Ekşi Sözlük is one of the most popular social media platforms in Turkey. Users discuss every topic such as (Education, Relationships etc). So I wanted to create a simple text classification example.
To test some sentences, I added a simple flask application. You need to write
set FLASK_APP=app.py
flask run
After that you can see the simple web app.
I created dataset by scraping the website. You can use the scrape.py to do it. It will scrape the topics currently popular (agenda). It will save entries to the total_dataset.csv file.
For the project, I uploaded a small dataset where there are 8000 entries, 1600 for 5 categories.
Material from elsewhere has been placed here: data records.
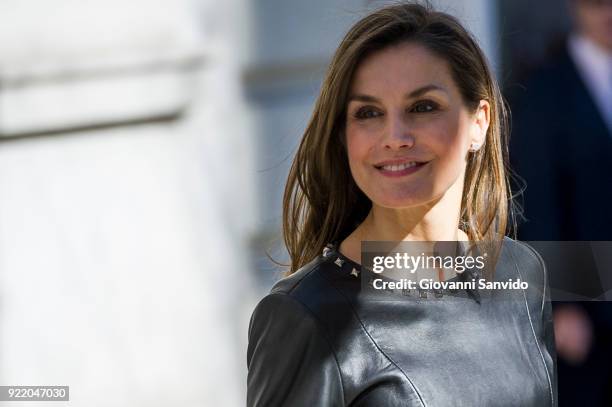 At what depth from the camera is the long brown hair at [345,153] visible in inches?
78.0

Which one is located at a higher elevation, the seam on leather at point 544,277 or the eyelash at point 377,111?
the eyelash at point 377,111

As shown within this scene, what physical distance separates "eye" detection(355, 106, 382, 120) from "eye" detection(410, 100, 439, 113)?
0.20 ft

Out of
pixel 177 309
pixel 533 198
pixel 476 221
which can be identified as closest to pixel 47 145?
pixel 177 309

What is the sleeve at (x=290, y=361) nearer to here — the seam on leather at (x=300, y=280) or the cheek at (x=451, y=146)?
the seam on leather at (x=300, y=280)

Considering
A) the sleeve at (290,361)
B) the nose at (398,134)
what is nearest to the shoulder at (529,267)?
the nose at (398,134)

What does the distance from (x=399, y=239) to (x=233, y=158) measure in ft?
7.05

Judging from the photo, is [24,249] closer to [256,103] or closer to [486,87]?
[256,103]

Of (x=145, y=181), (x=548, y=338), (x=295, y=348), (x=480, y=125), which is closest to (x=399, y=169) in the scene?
(x=480, y=125)

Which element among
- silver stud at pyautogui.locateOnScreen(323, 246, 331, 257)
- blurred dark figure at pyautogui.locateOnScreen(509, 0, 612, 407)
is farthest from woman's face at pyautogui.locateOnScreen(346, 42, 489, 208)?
blurred dark figure at pyautogui.locateOnScreen(509, 0, 612, 407)

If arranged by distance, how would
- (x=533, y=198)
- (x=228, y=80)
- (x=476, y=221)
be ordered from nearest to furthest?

Since text classification is a supervised task, you need to label the data. I labeled as Economy, Education, Politics, Relationships, Sports.
But you can choose as many as categories you want.
You need to run data.py to get the dataset which you can use for training. From the command line, just write
python data.py
It will create a folder named dataset, and it will include the features and labels for both training and testing.
To create the dataset, Tf-Idf is used. You can check from here
I just used the Naive Bayes. I got 77 percent accuracy which is not bad actually. You need to run the train.py file. From the command line, just write
python train.py
It will create a folder named as models, where you can find your Naive Bayes model used for training.
To test some tweets, you need to run test.py I wrote 3 tweet just for trying, you can challenge the model as many as you can. Do not forget, the training data is Turkish, this is a Turkish text classification so you need to write your sentences in Turkish for testing. From the command line, just write
python test.py